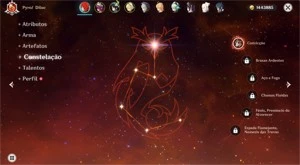 Genshin Impact Conta com Diluc C1 e Venti Américas AR 33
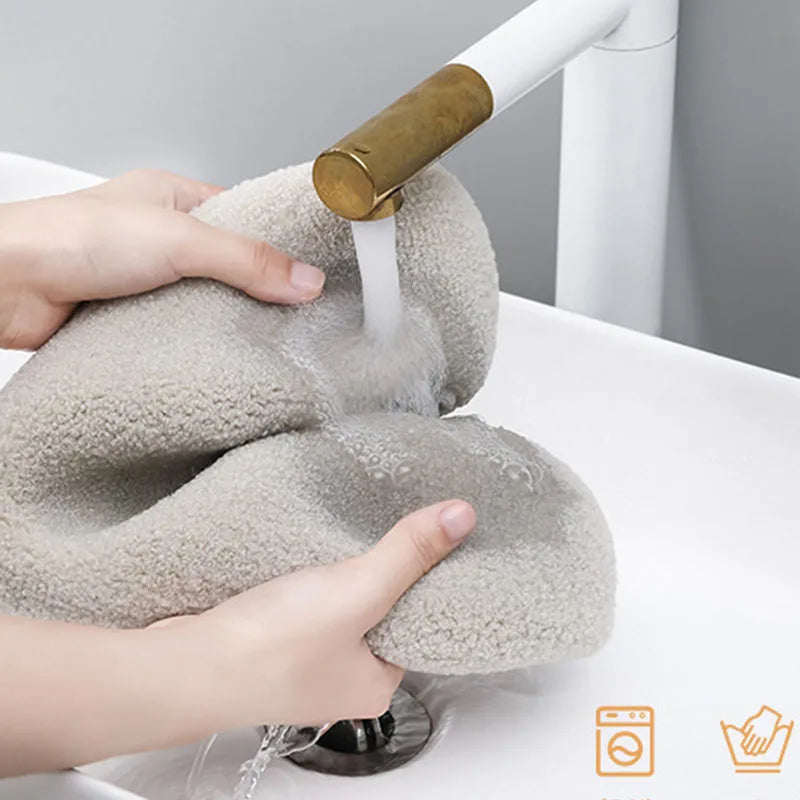 Bathroom Toilet Seat Cushion – Soft Washable Toilet Seat Cover for U-Shaped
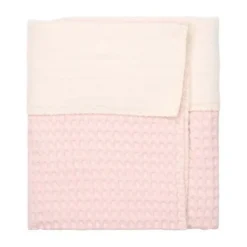 Koeka Amsterdam Wafel Ledikantdeken - Maat 100 x 150 - Cotton Fleece - Candy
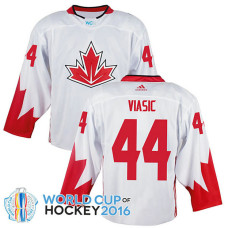 Canada Team Marc-Edouard Vlasic #44 White 2016 World Cup Jersey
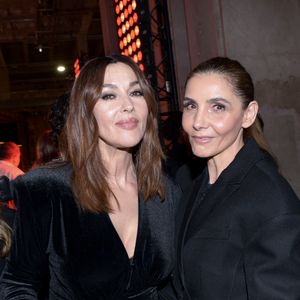 Monica Bellucci et Clotilde Courau, princesse de Savoie au Dîner de la Mode au bénéfice du Sidaction, au Palais de Tokyo, dans le cadre de la Fashion Week de Paris Haute Couture printemps/été 2024 (PFW). Le 25 Janvier 2024. 
© Rachid Bellak / Bestimage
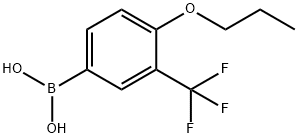 4-プロポキシ-3-(トリフルオロメチル)フェニルボロン酸 化学構造式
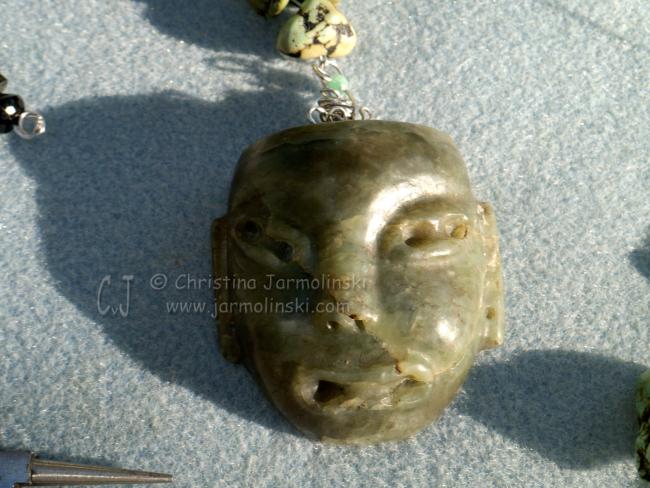 Antique Jade Buddha Chocker designed by Christina Jarmolinski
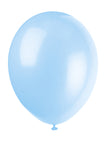 10 ballons couleur bleu ciel - Gamme couleur unie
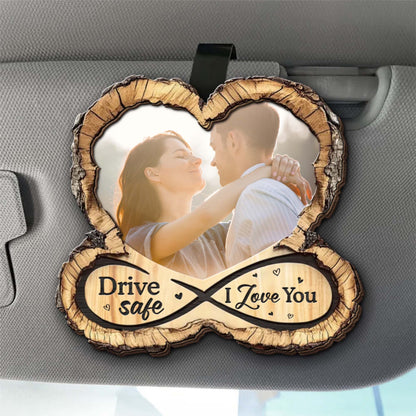 Drive Safe I Love You Heart Shaped Clip,Custom Car Visor Clip,Gift For Spouse And Partner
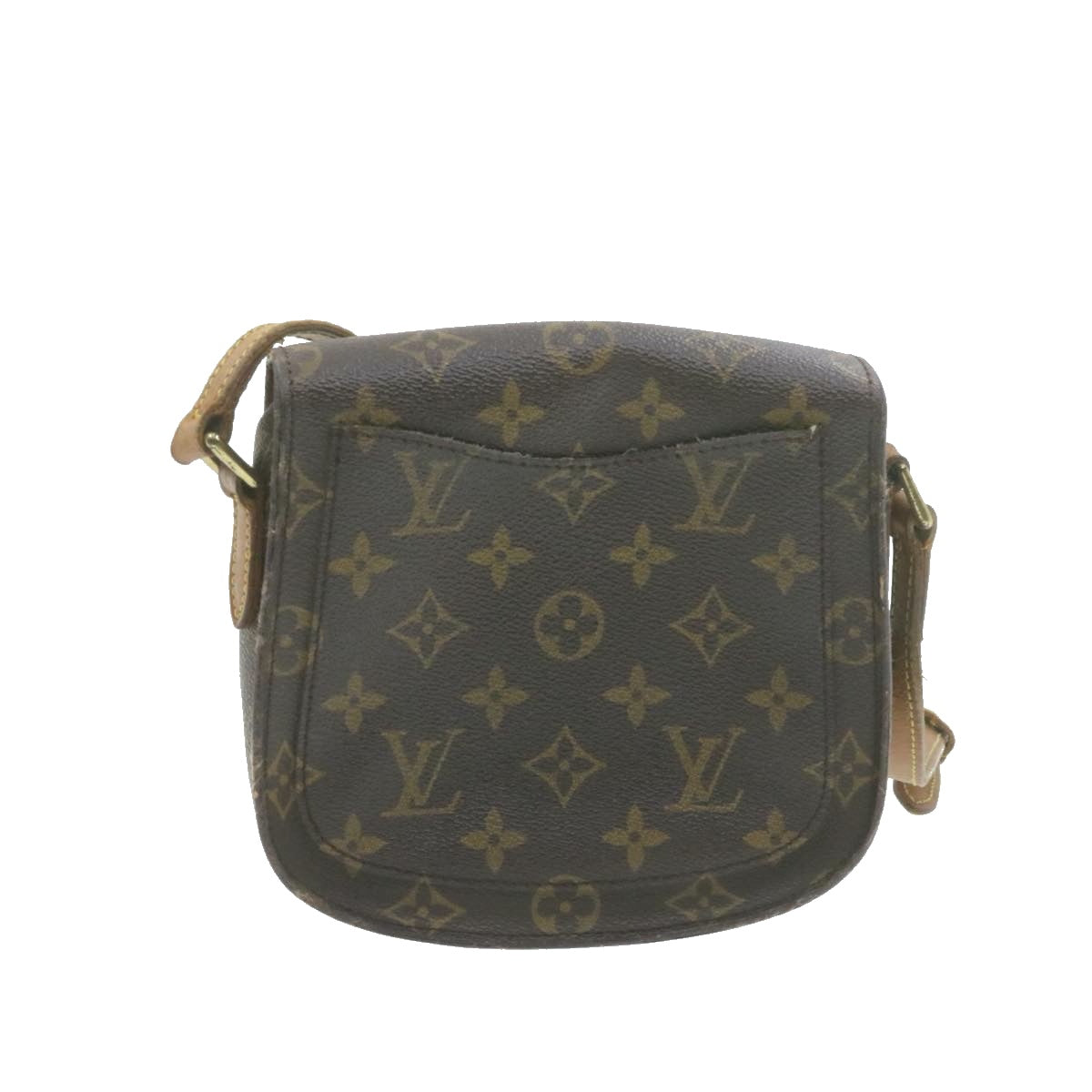 LOUIS VUITTON Monogram Saint Cloud PM Shoulder Bag M51244 LV am753g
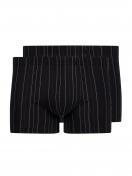 Huber Herren Pant 2er Pack hautnah Cotton 2 Pack 112533 Gr. XL in black stripes 1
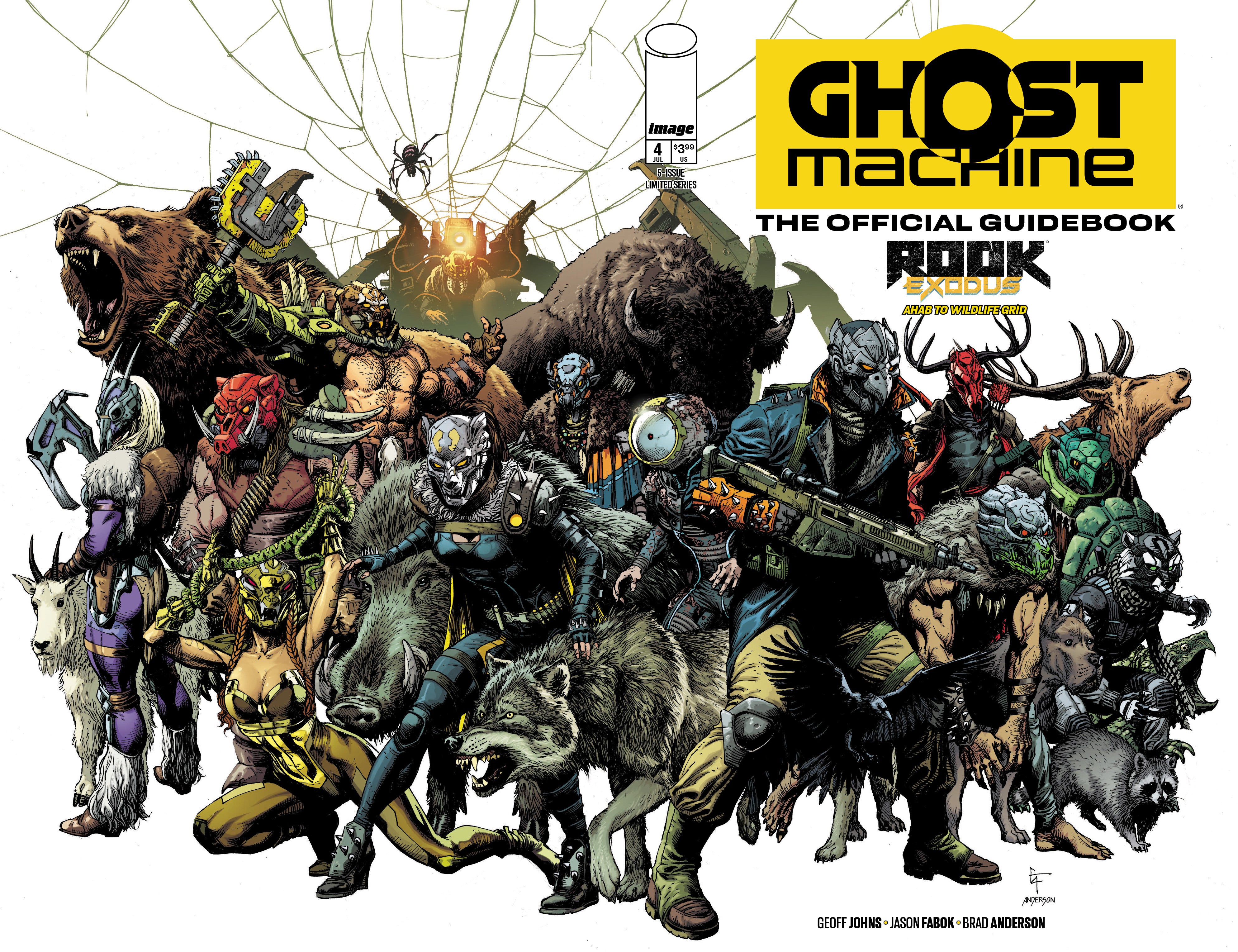 GHOST MACHINE THE OFFICIAL GUIDEBOOK #4 CVR A GARY FRANK & BRAD ANDERSON WRAPAROUND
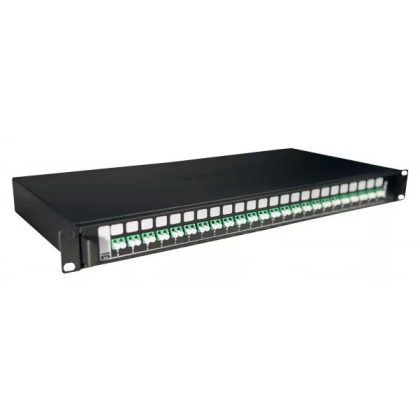 LEGRAND 032167 optikai patch panel fix 24xLC/APC duplex monomódusú 1U-19" fekete LCS3 LEGRAND 032167 optikai patch panel fix 24xLC/APC duplex monomódusú 1U-19" fekete LCS3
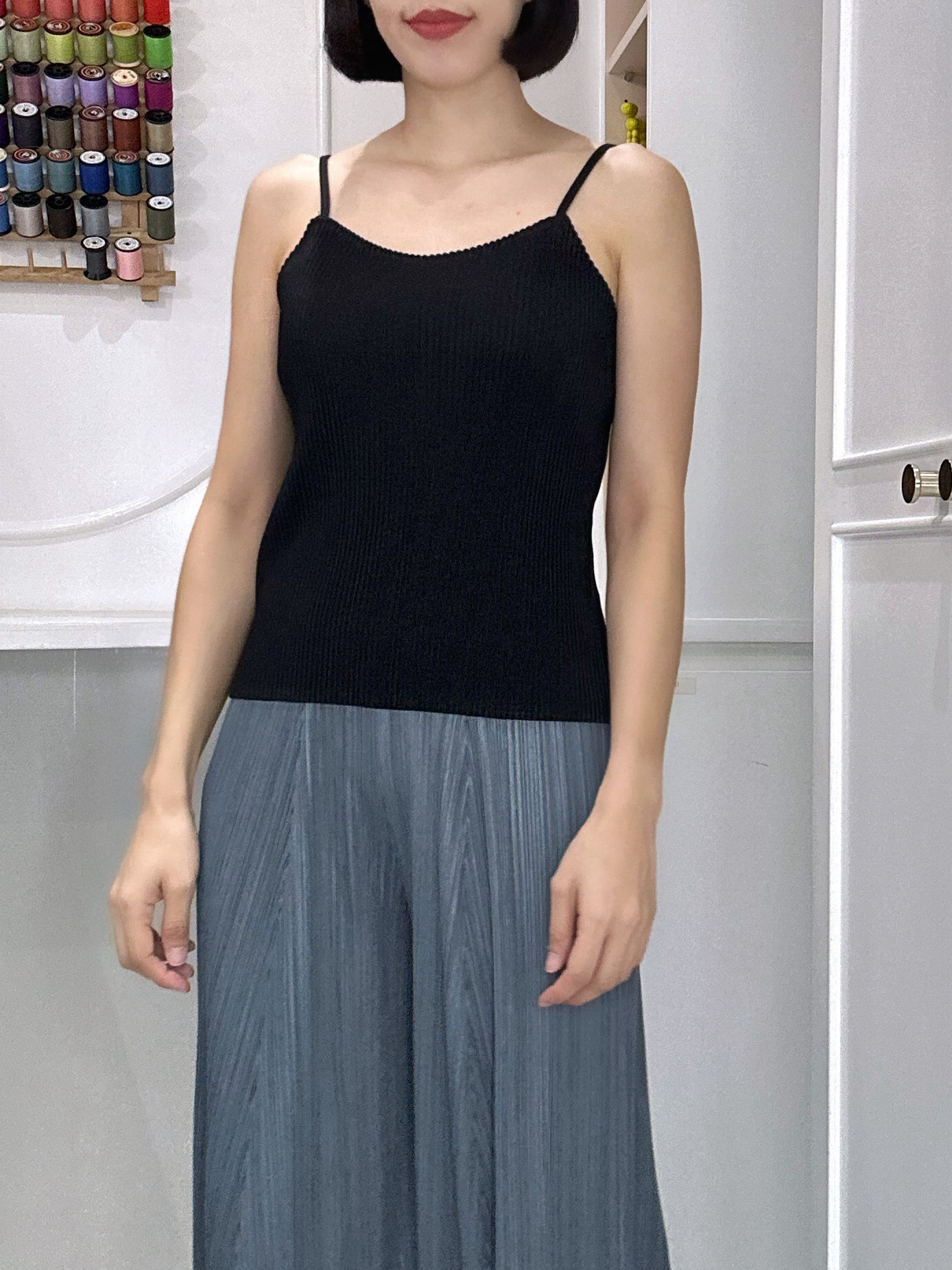 ปรับราคาลง20%!! 2MUAY BASIC รุ่น GJO1290 เสื้อพลีทคุณภาพ THICK CAMISOLE PLEATED TOP 9 สี FREE SIZE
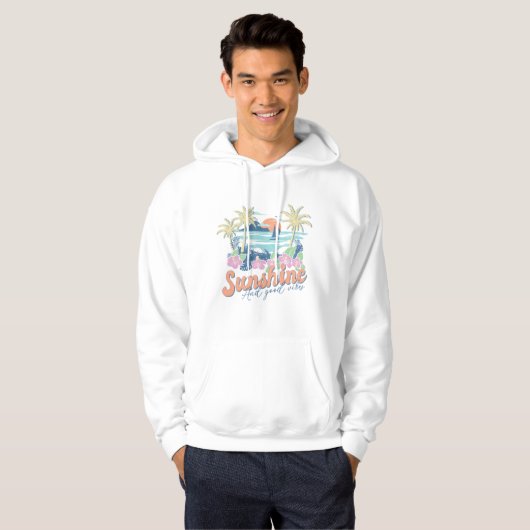 Sunshine and Good Vibes Hoodie (Voorkant volledig)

> WHAT TO PRODUCE
Output nothing except the lines from the one containing "fekete LCS3 LEGRAND" through the final line of the entries, repeated exactly and free of pictures.

> SOLUTION FOR THIS TASK
 LEGRAND 032167 optikai patch panel fix 24xLC/APC duplex monomódusú 1U-19" fekete LCS3 LEGRAND 032167 optikai patch panel fix 24xLC/APC duplex monomódusú 1U-19" fekete LCS3
 ปรับราคาลง20%!! 2MUAY BASIC รุ่น GJO1290 เสื้อพลีทคุณภาพ THICK CAMISOLE PLEATED TOP 9 สี FREE SIZE
 Sunshine and Good Vibes Hoodie (Voorkant volledig)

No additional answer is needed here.